The full listing, word for word and free of images, is the expected result.

* Data extract

BEGIN

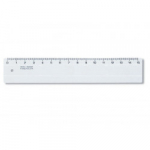 Liniuotė plastikinė 15cm, KOH-I-NOOR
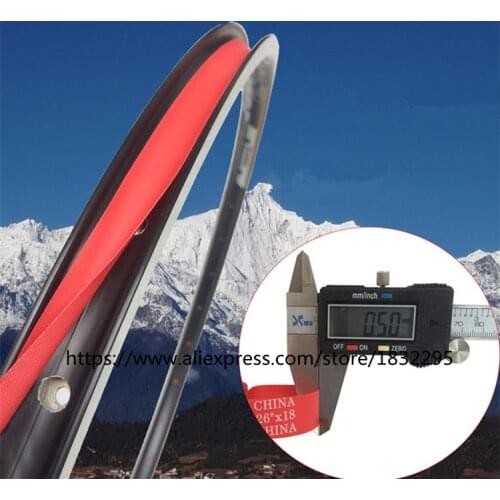 1pcs High pressure bicycle inner tube pad rim liner with 26 inch /20 inch /24 inch /700C rim parts Tire Mat Rim tape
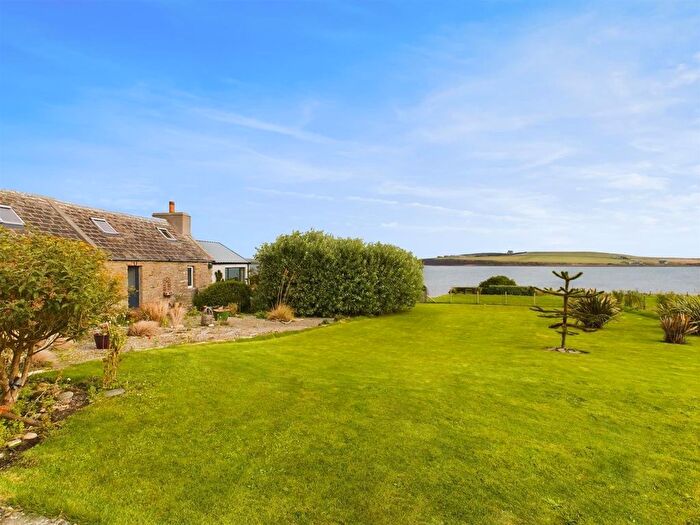 2 Bedroom Detached House For Sale In Quoys Of Herston, St. Margarets Hope, KW17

END

* Written solution
 Liniuotė plastikinė 15cm, KOH-I-NOOR
 1pcs High pressure bicycle inner tube pad rim liner with 26 inch /20 inch /24 inch /700C rim parts Tire Mat Rim tape
 2 Bedroom Detached House For Sale In Quoys Of Herston, St. Margarets Hope, KW17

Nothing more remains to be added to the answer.